As GxE GWAS methods are under-utilized in the literature, consensus about how these results should be presented is developing. When interpreting and presenting the results, therefore, it is imperative that the each specific parameter is interpreted correctly. For example, while most people call the parameter from the SNP to the phenotype the “Main Effect”, it is better thought of as a conditional effect as strictly speaking it is the association between the SNP and the phenotype under the specific condition where the environment is equal to zero and not the average effect of the SNP across all levels of the environment as would be implied by the term main effect. By contrast, the interaction parameter is the difference in the SNP association between when the environment is equal to zero and when the environment is equal to one.

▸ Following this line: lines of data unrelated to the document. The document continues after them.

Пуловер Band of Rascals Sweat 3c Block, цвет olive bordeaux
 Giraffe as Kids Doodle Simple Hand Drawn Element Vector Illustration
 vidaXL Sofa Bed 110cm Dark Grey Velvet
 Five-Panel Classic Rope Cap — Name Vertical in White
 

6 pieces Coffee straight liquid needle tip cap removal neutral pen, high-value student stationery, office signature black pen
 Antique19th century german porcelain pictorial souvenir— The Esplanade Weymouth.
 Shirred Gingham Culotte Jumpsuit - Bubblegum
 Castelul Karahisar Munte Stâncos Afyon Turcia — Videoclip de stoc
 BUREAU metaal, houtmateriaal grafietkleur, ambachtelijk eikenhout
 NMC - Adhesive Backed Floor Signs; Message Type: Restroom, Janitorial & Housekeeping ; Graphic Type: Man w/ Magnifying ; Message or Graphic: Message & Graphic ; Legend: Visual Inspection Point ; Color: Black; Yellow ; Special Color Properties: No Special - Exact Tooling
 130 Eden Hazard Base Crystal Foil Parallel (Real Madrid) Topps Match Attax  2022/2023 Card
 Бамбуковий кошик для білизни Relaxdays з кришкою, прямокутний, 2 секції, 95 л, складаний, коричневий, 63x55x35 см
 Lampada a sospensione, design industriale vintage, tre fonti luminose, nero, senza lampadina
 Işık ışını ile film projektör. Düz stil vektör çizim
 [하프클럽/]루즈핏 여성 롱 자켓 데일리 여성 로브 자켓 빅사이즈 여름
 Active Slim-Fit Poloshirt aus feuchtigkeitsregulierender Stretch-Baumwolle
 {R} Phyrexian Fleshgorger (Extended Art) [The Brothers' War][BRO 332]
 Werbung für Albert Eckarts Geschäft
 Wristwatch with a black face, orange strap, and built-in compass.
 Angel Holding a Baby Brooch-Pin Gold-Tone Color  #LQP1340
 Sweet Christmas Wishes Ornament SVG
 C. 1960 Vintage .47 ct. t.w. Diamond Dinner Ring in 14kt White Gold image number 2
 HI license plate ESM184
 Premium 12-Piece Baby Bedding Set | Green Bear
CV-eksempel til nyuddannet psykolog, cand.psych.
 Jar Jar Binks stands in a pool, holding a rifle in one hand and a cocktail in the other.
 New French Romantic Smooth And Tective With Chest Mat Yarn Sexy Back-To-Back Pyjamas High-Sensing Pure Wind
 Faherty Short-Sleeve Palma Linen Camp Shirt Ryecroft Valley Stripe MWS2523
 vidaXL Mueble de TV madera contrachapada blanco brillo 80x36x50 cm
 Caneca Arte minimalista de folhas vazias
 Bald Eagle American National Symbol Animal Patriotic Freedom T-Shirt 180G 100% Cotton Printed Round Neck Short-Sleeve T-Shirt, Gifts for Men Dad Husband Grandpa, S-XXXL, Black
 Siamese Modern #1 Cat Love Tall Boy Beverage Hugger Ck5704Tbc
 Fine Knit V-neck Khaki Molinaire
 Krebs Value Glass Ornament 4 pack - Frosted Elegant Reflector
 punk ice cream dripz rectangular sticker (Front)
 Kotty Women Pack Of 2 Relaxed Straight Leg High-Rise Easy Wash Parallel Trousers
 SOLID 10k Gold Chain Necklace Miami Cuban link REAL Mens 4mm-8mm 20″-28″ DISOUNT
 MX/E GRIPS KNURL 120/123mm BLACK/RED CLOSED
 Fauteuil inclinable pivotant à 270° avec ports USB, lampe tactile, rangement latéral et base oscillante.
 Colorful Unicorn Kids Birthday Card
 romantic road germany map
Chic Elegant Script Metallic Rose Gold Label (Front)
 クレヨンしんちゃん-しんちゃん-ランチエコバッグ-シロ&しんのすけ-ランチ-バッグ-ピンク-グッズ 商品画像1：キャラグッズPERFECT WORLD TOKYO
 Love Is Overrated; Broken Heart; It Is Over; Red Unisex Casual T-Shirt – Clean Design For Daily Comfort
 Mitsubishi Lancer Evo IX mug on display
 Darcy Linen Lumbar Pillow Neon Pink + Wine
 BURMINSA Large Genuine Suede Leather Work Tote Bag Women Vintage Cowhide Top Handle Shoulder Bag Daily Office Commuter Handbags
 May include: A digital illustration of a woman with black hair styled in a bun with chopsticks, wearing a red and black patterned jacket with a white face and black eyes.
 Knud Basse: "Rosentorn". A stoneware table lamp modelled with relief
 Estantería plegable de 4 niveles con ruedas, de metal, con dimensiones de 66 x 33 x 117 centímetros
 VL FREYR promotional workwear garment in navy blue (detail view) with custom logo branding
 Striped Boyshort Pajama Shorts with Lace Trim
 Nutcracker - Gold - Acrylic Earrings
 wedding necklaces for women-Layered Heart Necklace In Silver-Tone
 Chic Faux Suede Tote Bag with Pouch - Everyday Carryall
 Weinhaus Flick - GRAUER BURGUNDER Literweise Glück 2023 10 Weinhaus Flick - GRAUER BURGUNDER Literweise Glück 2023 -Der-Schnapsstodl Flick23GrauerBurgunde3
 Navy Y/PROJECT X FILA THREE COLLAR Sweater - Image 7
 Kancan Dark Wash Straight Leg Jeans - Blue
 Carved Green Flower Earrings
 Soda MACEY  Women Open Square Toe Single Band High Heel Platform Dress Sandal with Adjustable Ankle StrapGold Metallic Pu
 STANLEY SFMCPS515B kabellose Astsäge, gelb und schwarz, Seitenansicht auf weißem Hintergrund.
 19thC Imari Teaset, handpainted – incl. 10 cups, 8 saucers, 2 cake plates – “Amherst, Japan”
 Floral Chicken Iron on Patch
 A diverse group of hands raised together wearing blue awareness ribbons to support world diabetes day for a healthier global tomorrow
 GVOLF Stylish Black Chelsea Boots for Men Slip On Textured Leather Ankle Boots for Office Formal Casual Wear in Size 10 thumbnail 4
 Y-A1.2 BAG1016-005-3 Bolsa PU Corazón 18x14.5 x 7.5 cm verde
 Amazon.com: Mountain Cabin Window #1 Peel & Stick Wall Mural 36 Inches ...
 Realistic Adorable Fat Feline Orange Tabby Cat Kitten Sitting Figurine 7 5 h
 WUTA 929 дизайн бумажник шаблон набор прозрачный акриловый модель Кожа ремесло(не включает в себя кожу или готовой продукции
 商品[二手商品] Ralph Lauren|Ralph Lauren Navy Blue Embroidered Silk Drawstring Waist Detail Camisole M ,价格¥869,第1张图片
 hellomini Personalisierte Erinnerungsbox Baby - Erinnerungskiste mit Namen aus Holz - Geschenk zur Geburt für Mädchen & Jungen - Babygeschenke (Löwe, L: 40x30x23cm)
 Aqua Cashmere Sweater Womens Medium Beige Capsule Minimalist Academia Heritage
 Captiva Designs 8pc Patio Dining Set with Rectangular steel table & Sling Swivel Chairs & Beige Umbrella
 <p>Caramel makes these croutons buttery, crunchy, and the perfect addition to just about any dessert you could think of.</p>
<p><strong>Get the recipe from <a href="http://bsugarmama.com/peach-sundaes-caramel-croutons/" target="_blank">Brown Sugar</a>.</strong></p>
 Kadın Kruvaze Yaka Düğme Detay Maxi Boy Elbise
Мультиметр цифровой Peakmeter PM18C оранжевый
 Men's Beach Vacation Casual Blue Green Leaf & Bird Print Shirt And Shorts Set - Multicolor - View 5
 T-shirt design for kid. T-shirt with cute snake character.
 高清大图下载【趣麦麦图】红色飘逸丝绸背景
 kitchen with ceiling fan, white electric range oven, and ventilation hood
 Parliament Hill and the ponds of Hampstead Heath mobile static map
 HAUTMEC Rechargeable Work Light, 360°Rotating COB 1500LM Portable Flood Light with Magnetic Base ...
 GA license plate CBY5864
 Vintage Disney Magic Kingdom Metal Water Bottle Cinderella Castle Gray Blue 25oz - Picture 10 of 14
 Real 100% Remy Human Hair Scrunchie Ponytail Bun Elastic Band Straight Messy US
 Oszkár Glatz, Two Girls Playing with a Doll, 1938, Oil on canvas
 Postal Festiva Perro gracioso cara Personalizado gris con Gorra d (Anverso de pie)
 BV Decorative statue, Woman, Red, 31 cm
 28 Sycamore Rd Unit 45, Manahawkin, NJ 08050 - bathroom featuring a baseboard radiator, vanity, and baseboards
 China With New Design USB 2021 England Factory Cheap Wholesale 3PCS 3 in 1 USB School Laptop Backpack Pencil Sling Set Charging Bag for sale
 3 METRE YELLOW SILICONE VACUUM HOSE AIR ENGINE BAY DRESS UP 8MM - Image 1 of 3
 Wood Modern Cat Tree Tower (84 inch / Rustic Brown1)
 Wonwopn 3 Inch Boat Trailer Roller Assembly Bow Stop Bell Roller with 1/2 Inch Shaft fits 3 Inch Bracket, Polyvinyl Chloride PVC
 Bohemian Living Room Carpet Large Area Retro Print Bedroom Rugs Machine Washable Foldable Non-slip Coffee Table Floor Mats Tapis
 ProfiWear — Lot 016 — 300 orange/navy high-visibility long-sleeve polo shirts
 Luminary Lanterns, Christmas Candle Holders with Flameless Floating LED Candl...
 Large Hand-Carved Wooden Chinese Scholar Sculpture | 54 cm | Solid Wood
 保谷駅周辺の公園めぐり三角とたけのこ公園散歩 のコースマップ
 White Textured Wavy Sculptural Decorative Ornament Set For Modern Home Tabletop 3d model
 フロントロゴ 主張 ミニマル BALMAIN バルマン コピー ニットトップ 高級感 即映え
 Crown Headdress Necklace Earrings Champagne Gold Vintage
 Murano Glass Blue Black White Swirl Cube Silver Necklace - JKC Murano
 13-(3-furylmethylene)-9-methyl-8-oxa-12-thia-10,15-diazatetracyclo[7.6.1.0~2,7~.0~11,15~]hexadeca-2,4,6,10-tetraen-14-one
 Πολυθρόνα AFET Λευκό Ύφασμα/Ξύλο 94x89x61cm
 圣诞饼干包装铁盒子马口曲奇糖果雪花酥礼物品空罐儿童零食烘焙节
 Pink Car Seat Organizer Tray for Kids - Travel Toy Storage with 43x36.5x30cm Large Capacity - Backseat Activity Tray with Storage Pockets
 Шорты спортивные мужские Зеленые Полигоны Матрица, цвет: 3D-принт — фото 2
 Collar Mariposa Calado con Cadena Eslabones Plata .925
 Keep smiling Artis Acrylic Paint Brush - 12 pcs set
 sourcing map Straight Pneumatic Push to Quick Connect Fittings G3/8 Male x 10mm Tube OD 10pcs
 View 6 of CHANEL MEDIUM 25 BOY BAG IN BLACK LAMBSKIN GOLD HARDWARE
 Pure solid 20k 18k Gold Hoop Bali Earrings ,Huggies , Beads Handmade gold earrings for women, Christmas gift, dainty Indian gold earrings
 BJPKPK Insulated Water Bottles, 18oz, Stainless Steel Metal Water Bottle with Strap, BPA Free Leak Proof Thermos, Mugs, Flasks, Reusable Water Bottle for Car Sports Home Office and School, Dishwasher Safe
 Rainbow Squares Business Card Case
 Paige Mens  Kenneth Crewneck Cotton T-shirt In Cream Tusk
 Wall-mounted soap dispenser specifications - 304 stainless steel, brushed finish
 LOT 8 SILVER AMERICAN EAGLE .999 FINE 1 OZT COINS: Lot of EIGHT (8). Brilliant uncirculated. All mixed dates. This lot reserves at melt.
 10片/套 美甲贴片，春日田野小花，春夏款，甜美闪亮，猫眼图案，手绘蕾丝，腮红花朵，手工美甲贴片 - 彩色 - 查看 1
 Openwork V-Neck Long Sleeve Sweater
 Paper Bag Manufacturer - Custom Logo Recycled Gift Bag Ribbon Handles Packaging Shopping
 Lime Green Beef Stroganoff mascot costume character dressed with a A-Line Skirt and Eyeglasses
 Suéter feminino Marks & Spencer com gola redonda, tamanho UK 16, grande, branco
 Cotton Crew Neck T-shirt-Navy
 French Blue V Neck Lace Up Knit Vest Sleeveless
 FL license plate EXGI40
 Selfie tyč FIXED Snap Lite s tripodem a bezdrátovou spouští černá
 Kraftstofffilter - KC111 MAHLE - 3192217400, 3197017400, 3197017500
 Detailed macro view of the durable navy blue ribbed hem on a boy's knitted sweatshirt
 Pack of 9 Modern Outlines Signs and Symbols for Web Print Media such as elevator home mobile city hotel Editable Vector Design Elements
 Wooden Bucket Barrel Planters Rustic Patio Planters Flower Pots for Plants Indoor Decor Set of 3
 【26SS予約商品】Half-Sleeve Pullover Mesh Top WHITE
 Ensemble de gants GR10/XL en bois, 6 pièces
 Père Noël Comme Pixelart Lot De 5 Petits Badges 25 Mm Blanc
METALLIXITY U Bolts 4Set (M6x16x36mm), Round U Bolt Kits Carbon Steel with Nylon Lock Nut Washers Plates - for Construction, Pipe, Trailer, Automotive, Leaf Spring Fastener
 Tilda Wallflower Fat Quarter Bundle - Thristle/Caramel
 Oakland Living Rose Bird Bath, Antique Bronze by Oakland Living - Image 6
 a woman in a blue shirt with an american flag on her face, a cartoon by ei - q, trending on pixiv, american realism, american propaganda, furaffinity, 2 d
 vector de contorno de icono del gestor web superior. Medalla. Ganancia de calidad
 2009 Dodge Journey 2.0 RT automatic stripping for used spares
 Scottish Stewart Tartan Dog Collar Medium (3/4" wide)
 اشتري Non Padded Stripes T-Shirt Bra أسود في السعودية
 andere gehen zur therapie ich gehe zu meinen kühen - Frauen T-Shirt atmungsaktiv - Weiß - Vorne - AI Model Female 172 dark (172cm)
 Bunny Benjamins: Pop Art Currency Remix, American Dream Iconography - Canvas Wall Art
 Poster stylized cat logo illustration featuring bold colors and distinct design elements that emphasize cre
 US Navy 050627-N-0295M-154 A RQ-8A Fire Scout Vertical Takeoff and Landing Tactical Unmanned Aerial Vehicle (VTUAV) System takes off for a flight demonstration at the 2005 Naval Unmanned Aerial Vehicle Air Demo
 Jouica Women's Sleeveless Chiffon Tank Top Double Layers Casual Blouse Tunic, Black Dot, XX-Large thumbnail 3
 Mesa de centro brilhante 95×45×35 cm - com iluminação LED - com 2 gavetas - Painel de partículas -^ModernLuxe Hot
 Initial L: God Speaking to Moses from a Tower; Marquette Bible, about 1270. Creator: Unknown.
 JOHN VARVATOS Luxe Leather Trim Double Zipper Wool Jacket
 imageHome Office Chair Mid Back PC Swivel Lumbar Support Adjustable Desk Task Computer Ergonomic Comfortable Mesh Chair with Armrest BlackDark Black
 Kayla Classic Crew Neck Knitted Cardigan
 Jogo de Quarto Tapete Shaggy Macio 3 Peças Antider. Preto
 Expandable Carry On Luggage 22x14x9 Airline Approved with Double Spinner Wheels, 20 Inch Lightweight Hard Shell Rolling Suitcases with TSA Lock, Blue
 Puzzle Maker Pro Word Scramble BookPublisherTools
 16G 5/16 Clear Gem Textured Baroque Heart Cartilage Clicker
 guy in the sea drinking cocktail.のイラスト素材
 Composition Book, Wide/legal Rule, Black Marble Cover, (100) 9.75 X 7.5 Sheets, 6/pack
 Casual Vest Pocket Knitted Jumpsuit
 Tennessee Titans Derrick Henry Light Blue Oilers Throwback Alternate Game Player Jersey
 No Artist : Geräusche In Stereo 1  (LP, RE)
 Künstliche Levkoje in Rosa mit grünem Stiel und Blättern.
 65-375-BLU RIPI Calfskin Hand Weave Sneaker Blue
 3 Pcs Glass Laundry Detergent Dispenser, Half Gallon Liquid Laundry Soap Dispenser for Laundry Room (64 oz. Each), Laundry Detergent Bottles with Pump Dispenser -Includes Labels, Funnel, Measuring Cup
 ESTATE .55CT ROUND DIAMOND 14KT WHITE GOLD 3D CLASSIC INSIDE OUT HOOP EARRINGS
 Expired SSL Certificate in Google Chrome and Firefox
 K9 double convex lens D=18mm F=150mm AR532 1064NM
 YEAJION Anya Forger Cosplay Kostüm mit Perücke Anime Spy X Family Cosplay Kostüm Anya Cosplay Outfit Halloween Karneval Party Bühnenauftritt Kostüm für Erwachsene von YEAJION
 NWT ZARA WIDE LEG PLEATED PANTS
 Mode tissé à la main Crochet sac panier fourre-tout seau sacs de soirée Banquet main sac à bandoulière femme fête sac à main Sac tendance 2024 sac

An alternative, and preferable, interpretation of the GxE GWAS model is to calculate what we call Marginal Effects (or Simple Slopes). This is done automatically by GW-SEM using the TODO functions. Marginal effects can be interpreted as the GWAS coefficients at a particular level of the environment. For example, if the moderator is binary (e.g., for sex) we could calculate the GWAS results for either Males (sex = 0) or females (sex = 1). Alternatively, if the moderator is continuous (e.g.,, age) we might want to calculate the GWAS results for a low level of the moderator (2 SD below the moderator mean) and a high level of the moderator (2 SD above the moderator mean), or at some other particularly relevant value. Notably, while the calculation of marginal effects is an additional step in the analytical process (that GW-SEM does automatically), marginal effects are often more interpretable than either the conditional or interaction parameters, as well as being more closely related to the hypothesis that the analyst is trying to test.